What you have to do: Nothing outside the lines below from the one containing "Expense Tracker: 6x9" through the one containing "Nike Paolo Banchero" is to be printed; print those exactly, ends included, and drop the pictures.

═════ Data extracts

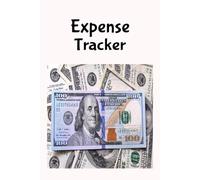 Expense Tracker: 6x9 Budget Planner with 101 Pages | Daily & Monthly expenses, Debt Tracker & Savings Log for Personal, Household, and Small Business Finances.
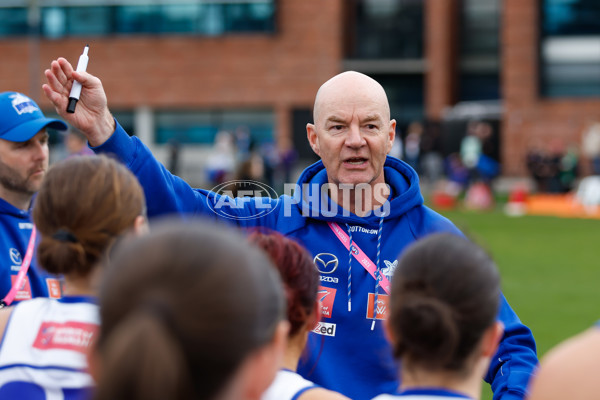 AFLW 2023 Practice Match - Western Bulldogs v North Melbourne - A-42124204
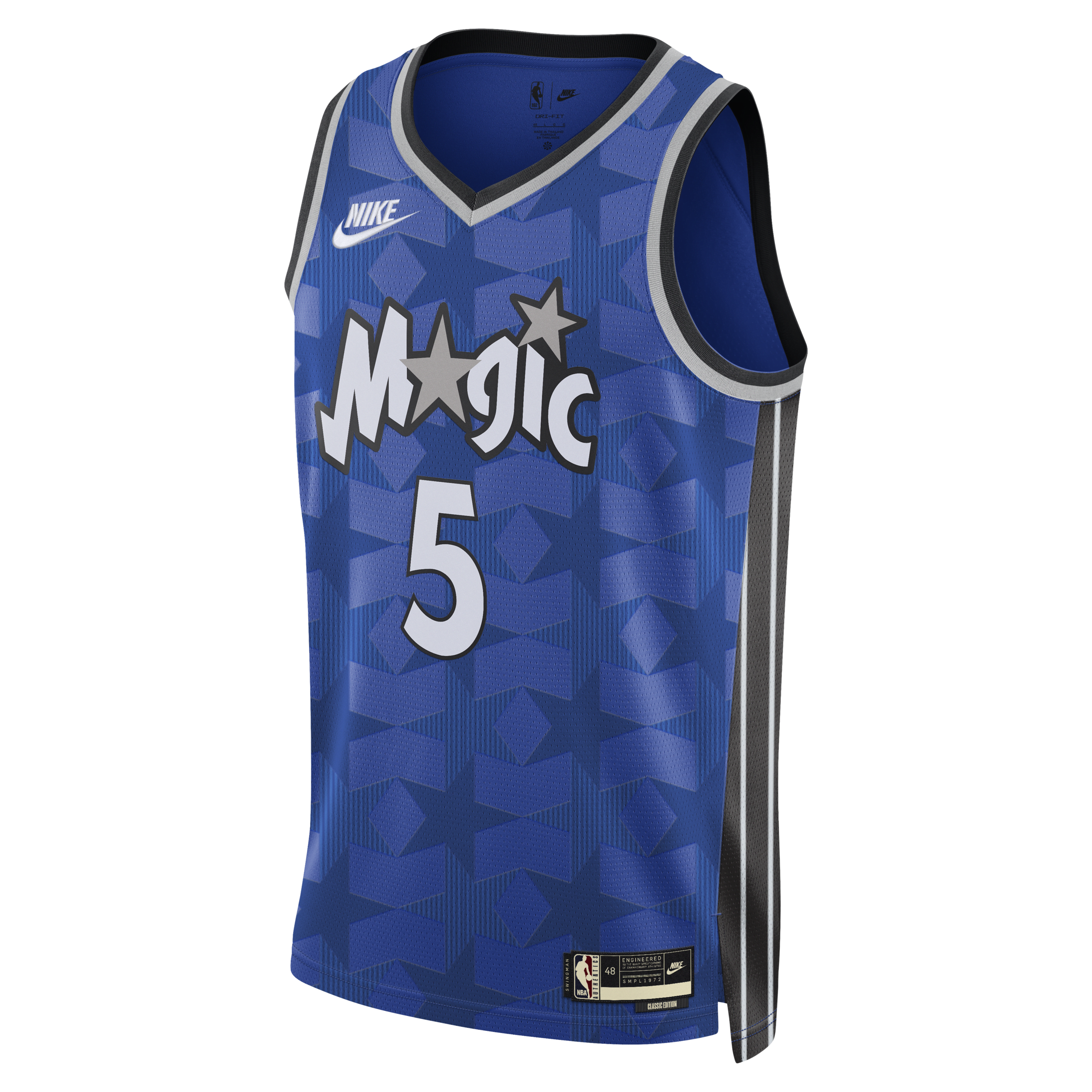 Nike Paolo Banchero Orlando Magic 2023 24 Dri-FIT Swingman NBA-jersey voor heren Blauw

══════════
═════ Data extracts

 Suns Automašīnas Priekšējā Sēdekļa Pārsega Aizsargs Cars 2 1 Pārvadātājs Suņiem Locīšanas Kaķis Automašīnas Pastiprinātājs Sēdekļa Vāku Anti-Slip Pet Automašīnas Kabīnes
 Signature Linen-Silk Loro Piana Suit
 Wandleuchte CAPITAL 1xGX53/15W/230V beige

══════════
═════ Data extracts

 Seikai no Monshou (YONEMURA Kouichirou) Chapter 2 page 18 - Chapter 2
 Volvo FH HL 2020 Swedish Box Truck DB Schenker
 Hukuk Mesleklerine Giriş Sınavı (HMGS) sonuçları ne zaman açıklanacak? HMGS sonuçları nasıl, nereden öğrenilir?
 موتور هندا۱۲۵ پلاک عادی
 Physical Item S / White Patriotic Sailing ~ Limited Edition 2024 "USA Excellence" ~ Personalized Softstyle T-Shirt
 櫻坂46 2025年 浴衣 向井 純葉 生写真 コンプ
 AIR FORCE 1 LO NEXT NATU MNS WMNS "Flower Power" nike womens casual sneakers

══════════

Expected answer:
 Expense Tracker: 6x9 Budget Planner with 101 Pages | Daily & Monthly expenses, Debt Tracker & Savings Log for Personal, Household, and Small Business Finances.
 AFLW 2023 Practice Match - Western Bulldogs v North Melbourne - A-42124204
 Nike Paolo Banchero Orlando Magic 2023 24 Dri-FIT Swingman NBA-jersey voor heren Blauw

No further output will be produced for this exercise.